NL highlighted team: New York Mets
The Mets haven't tasted the World Series wine since the "subway series" of 2000. At the start of the past few seasons, New York has seemed poised to return before falling apart badly sometime during the season. For this reason, many are treating this year's Mets squad with distrust, essentially saying don't just look good, be good.

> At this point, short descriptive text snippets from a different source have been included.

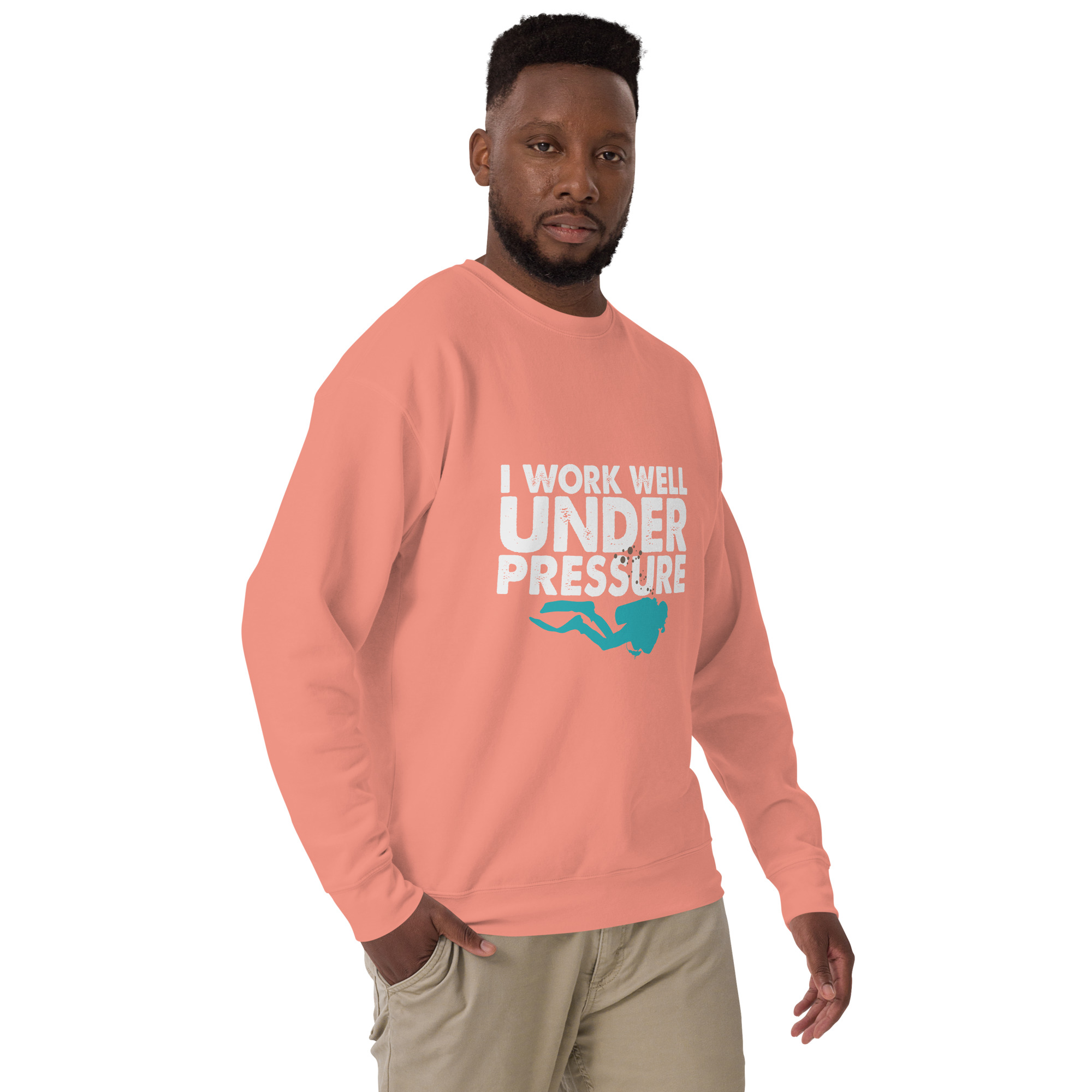 I Work Well Under Pressure Sweatshirt | Fun Gift for Divers & Ocean Lovers - Image 35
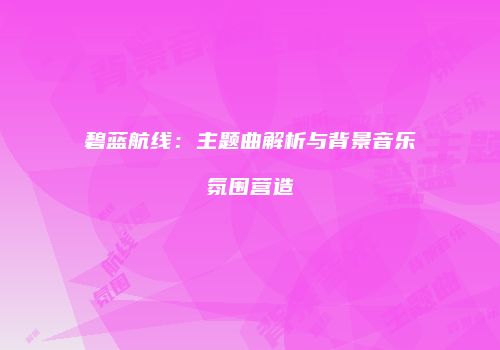 碧蓝航线：主题曲解析与背景音乐氛围营造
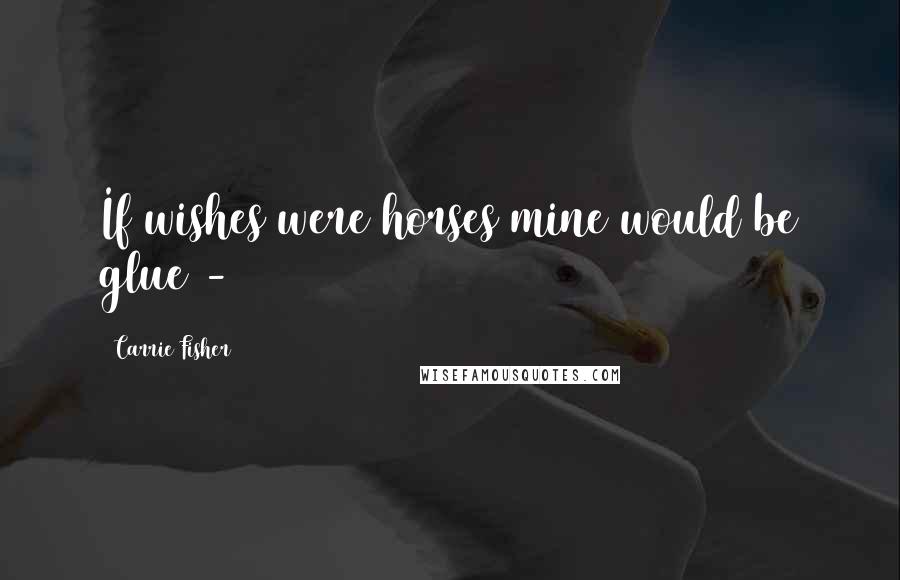 Carrie Fisher Quotes: If wishes were horses mine would be glue -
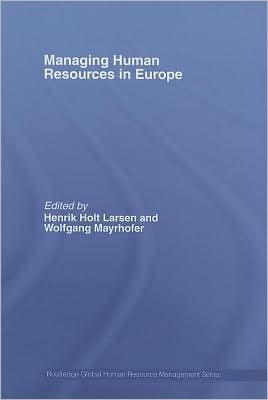Managing Human Resources in Europe: A Thematic Approach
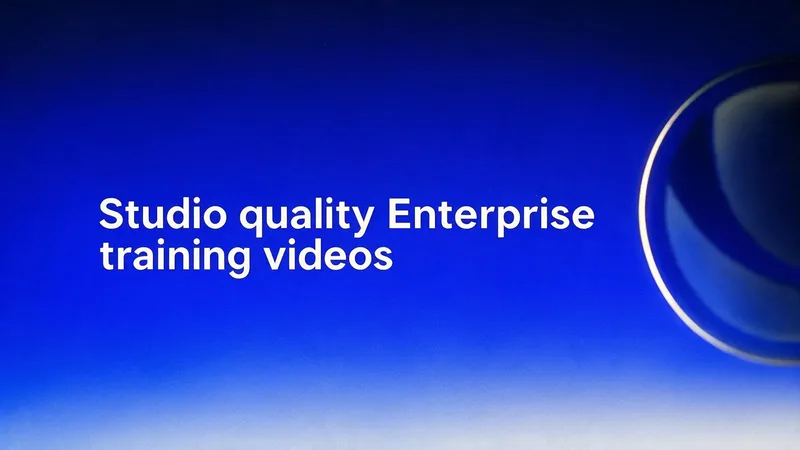 Studio quality enterprise training videos.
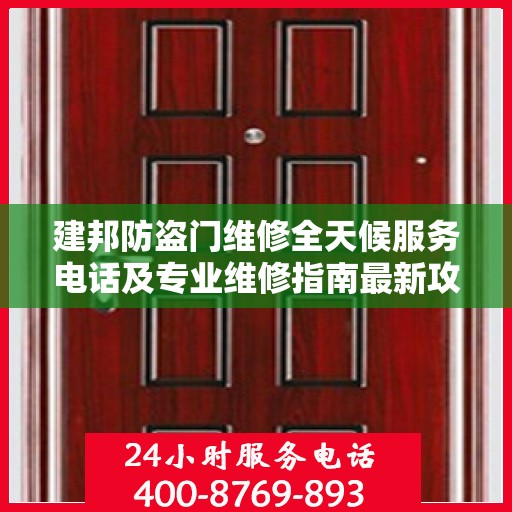 建邦防盗门维修全天候服务电话及专业维修指南最新攻略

But this isn't last year's team. They've addressed their biggest problem in acquiring Francisco Rodriguez to stabilize the bullpen. Rodriguez led the league in saves last year with a record 62, and has plenty of energy at age 27. On the offensive side, New York has plenty of guys who know how to smack 'em, including sluggers David Wright, Carlos Beltran, Carlos Delgado and Jose Reyes. It's time for this New York team to prove that collapse is not in their nature and show the world just how much talent they have.
Baltimore Orioles and the American League
The Orioles have not had a winning season in the past 11 years and are 108 - 146 under Manager Dave Trembley, who was promoted from bullpen coach midway through the 2007 season. Baltimore aims to contend with heavyweight division teams like the 2008 American League Champion Tampa Bay Rays as well as perennial powerhouses the Boston Red Sox and the New York Yankees. This year, the Orioles strive to improve their record by strengthening their bullpen and reorganizing their batting lineup. So far, they're off to a hot start with a 6-3 record.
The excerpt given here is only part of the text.